HAVANA, Oct. 27 Every year, Cuban entrepreneurs José Martínez and Joel López grow 12 tons of tilapia in their ponds using aquaponics, which allows them to sell fresh fish to the inhabitants of an island where, paradoxically, that food is scarce.
“Here we currently have two species: the red tilapia, which is the most attractive and attractive to the consumer’s plate, and the black tilapia,” Martínez explains to AFP, after throwing handfuls of feed to the fry that rise to the surface of the pool to feed.
With a government loan and their savings, these two entrepreneurs, both 35-year-old lawyers, began building their private business JOJO Acuapónico two years ago in Barbosa, a neighborhood on the outskirts of the capital.
Aquaponics is a technique that combines the cultivation of fish and plants. In a closed system, the excrement of the former nourishes the plants, which in turn return clean, safe water to the fish.
In what was a barren lot they built 12 ponds of 20 cubic meters each, from which they annually extract 12 tons of fish that they sell to the population. When they finish the investment process in their three cultivation houses, they will also harvest 36 tons of vegetables.
Their tilapias reach the commercial size of 400 grams in six months, 12 months less than what it takes for the specimens grown in the country’s reservoirs to achieve it through the extensive aquaculture method promoted by the government.
– “Viable solution” –
López and Martínez defend their project as a quick way to expand the supply of fish on an island of 11 million inhabitants, facing its worst economic crisis in three decades, with shortages of food, medicine and fuel.
An employee sows tilapia fingerlings in an aquaponic pond in Havana, on October 19, 2023. afp_tickers
“That is our idea: to try to bring this knowledge (…) to everyone who wants to produce fish, produce aquaponics, it is a viable and sustainable solution,” says López.
Due to its natural conditions and overfishing, Cuba only has a fishing potential on its marine platform of about 12,000 tons per year, according to official data.

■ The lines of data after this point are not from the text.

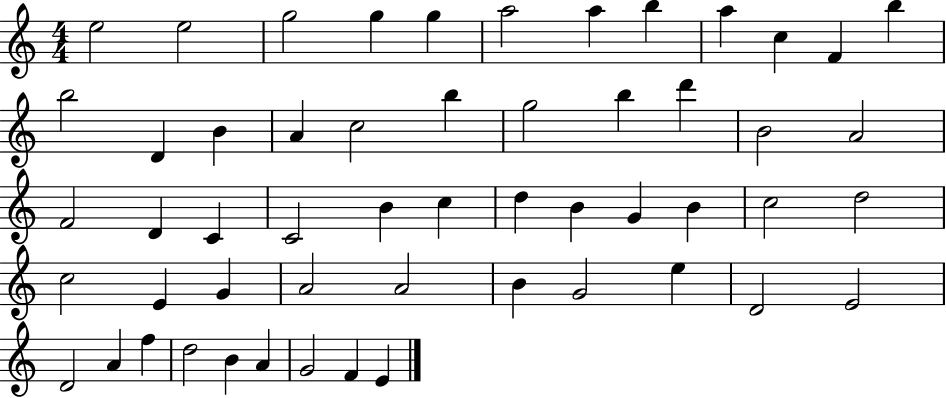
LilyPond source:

{
  \clef treble
  \numericTimeSignature
  \time 4/4
  \key c \major
  e''2 e''2 | g''2 g''4 g''4 | a''2 a''4 b''4 | a''4 c''4 f'4 b''4 | \break b''2 d'4 b'4 | a'4 c''2 b''4 | g''2 b''4 d'''4 | b'2 a'2 | \break f'2 d'4 c'4 | c'2 b'4 c''4 | d''4 b'4 g'4 b'4 | c''2 d''2 | \break c''2 e'4 g'4 | a'2 a'2 | b'4 g'2 e''4 | d'2 e'2 | \break d'2 a'4 f''4 | d''2 b'4 a'4 | g'2 f'4 e'4 | \bar "|."
}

However, that figure has not been obtained “in the last three years” due to the lack of “engines” for the ships and “fuel,” the Minister of the Food Industry, Manuel Sobrino, said recently on local television.
To earn foreign currency, Cuba exported seafood products worth $54 million in 2022, according to official figures.

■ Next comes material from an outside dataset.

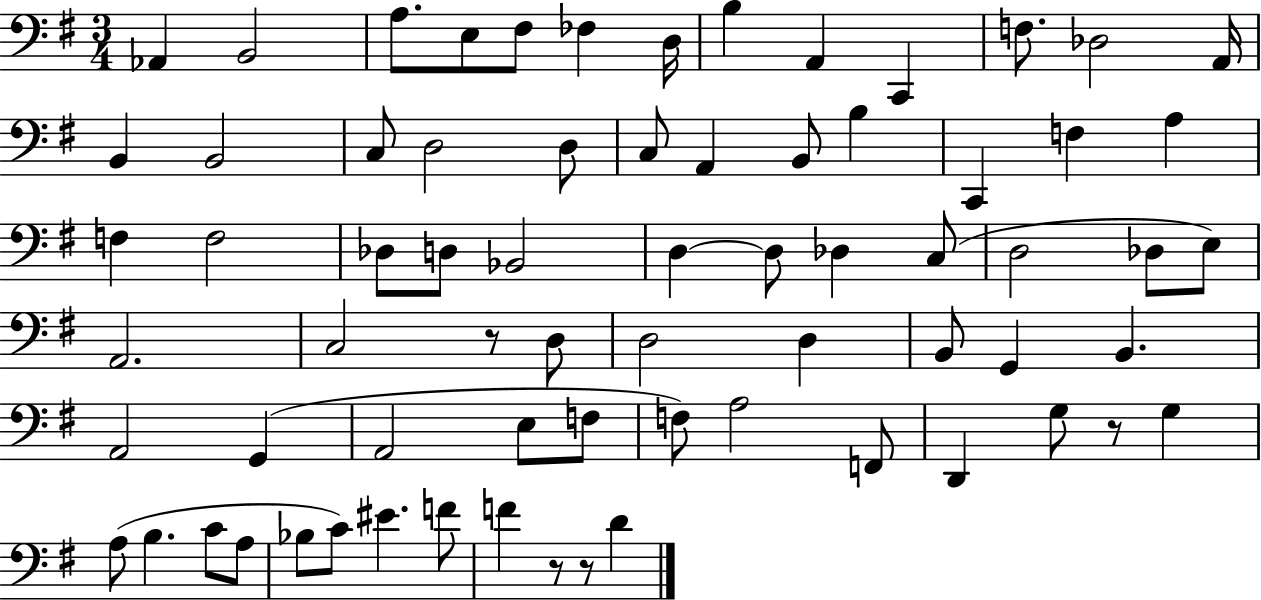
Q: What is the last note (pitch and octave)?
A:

Before the economic crisis of the 1990s, which led to the fall of the Soviet communist bloc, Cuba had a fleet that guaranteed the capture of some 100,000 tons of fish in international waters, which Cubans bought at subsidized prices.
By 2002, that fleet became inactive and Cuba was forced to import fish and promote aquaculture, the only way it currently has to achieve “increases” in fish consumption, according to Sobrino.

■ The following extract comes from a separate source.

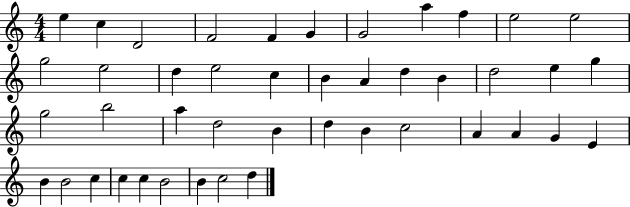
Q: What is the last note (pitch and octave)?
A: D5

But the lack of foreign currency, which President Miguel Díaz-Canel recently defined as the “fundamental problem of the country”, forced Cuban aquaculture to transform its intensive development plan into an extensive one, reducing its yields.
According to official figures, between 2018 and 2022 alone the cultivation of clarias, another freshwater species, fell from 6,286 to 1,355 tons.
In Cuba, agricultural production registered a 35% drop between 2019 and 2023.
In July, Deputy Prime Minister Jorge Luis Tapia proposed that Cubans grow fish in their yards, a practice that became widespread during the crisis of the 1990s, but this time provoked skepticism.
“We are going to carry out family aquaculture. We have to do it,” Tapia said.
To stimulate the sector, Cuba approved a new Fisheries Law in 2019 that made the activity more flexible and allowed fishermen to directly sell their catch.
In recent months, small private businesses have begun to market the fish they obtain through individual fishermen, but their high prices prevent most Cubans from having access to this market.
López and Martínez are also working on the construction of a small factory to produce food.
“This experience must be multiplied,” says Martínez.